Wednesday 10 August 2022
There’s only one economic report ahead of today’s opening bell, but it’s a sucker: July consumer price index (CPI). Earnings were released this morning and premarket trading has fired like a cannon – it seems market participants are liking what they’re seeing: Headlines have been pancaked month-over-month: 0.0% vs +0.2% expected as of Happiness well below the +1.3% month-on-month we saw in June. Core CPI last month it was +0.3%, 20 basis points (bps) below estimate of +0.5% and less than half of last month’s +0.7%.
For a little perspective, the June CPI read – which pretty much sealed the deal for the Fed’s second straight 75 basis point rate hike in July – was the highest in the headlines since 2005 and at the core since April of last year. But that’s nothing compared to the year-on-year numbers that are now used as shorthand for overall domestic inflation.
for July, Headline CPI year after year was +8.5%, 20 basis points lower than expected and more than half a point lower than +9.1% in June, the highest level in 41 years. It also marks our lowest level since April of this year, which could indicate that we are now chasing the head of the parabolic curve. Core CPI year after year reached +5.9% in line with June’s level and 20 basis points lower than expected. Long story short: very good news, all around.
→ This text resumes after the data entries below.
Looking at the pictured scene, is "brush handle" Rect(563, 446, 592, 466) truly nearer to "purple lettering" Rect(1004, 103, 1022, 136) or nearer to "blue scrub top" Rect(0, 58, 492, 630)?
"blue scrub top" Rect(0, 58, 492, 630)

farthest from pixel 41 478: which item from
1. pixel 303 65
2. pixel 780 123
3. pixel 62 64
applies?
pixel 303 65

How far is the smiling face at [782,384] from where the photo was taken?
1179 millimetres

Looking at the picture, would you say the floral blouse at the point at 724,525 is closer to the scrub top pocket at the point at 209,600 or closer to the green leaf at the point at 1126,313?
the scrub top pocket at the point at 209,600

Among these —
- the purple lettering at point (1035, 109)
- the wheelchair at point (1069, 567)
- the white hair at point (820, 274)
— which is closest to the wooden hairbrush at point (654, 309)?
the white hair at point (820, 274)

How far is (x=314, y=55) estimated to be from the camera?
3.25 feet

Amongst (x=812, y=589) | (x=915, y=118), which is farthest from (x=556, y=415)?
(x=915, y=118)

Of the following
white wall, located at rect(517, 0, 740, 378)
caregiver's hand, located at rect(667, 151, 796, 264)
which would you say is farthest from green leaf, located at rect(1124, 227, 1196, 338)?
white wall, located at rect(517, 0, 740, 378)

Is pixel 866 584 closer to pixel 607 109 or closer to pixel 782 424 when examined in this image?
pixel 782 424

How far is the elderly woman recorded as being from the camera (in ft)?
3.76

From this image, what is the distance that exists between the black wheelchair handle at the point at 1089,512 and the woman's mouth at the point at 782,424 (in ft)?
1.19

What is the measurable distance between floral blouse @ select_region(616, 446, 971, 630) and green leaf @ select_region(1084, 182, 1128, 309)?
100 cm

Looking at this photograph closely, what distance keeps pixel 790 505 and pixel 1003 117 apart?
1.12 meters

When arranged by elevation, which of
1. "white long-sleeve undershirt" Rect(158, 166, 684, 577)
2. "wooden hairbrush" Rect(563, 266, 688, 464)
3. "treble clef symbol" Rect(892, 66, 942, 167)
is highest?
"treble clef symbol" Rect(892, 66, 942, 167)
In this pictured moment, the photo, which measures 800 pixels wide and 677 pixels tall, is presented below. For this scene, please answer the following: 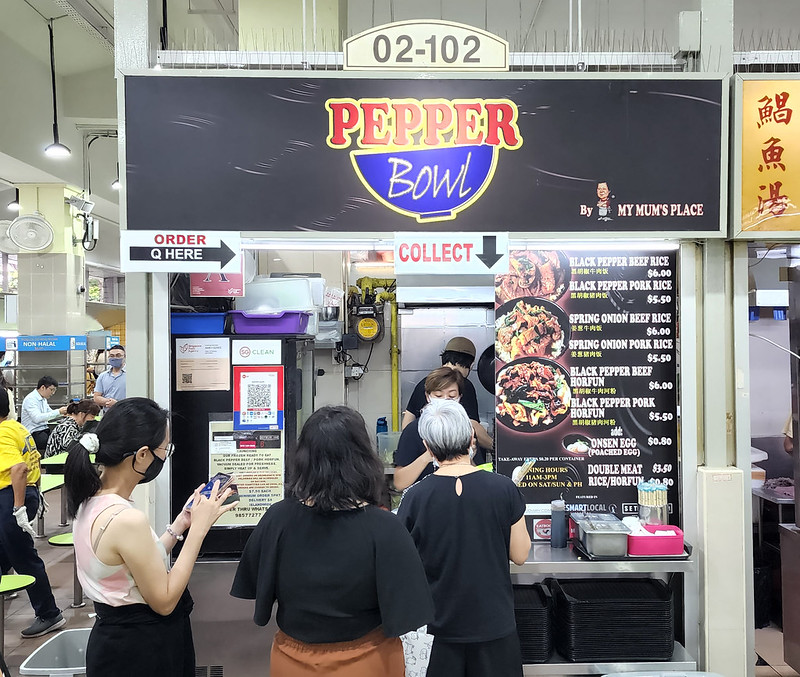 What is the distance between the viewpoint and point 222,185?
3.08 metres

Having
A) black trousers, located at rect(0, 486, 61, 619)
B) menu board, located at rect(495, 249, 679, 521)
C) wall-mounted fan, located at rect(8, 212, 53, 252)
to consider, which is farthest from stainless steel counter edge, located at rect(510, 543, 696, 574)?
wall-mounted fan, located at rect(8, 212, 53, 252)

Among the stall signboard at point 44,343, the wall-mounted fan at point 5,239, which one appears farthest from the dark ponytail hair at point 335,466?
the stall signboard at point 44,343

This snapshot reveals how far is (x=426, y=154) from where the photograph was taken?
3125 millimetres

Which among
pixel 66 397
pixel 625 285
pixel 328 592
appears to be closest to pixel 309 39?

Premarket futures exploded shortly after that pressure hit the band: the Dow rose to +440 points from +90 minutes before the release, the Nasdaq rose to +330 from +80 points, and the S&P 500 rose to + from +60 points before the release 75 after. This is clearly the spring-loaded scenario markets were working towards when stocks sold off ahead of these CPI numbers yesterday.
We can now look at the Fed – which does not meet to decide monetary policy (ie raise interest rates) for six weeks – and see a potential 75 basis point slowdown in rate hikes we’ve seen over the past two months . Much will depend on subsequent data, including another August CPI report to be released ahead of the Fed’s next meeting, along with six more weeks of economic data from elsewhere. We are just beginning to analyze interest rate data.
It is also important to consider that instead of a safe downtrend in CPI inflation metrics, we may see another false positive similar to last December’s downtrend. The Russian invasion of Ukraine and China’s self-imposed ongoing Covid shutdowns have tightened the screws on supply chain costs etc., which has directly led to a rise in inflation on a global scale – so much so that wage growth, which has also been resilient since the Great Reopening began, pales in comparison to the inflation data we’ve seen this year.
And it’s not like we can breathe easy just yet: +8.5% inflation still marks a generational high and is more than four times higher than the Fed’s stated optimum of +2%. The core 3-month annualized moving average is +6.8%: This is clearly not a time for the Fed to declare victory over inflation. Additionally, as we see inflation metrics cooling off, we need to look at whether the labor force can maintain its strength over time; We are already seeing a cold wind blowing through the housing market in other economic prints.
So we continue to see these developments as Fed Chairman Jay Powell trying to make this economy Captain Sully. Whether he’ll eventually get inflation under control without triggering a recession is unclear, but the data we’ve seen so far looks like he still has a chance. Later today, Fed Chairmen Evans and Kashkari will speak publicly, likely to reflect on this morning’s CPI numbers.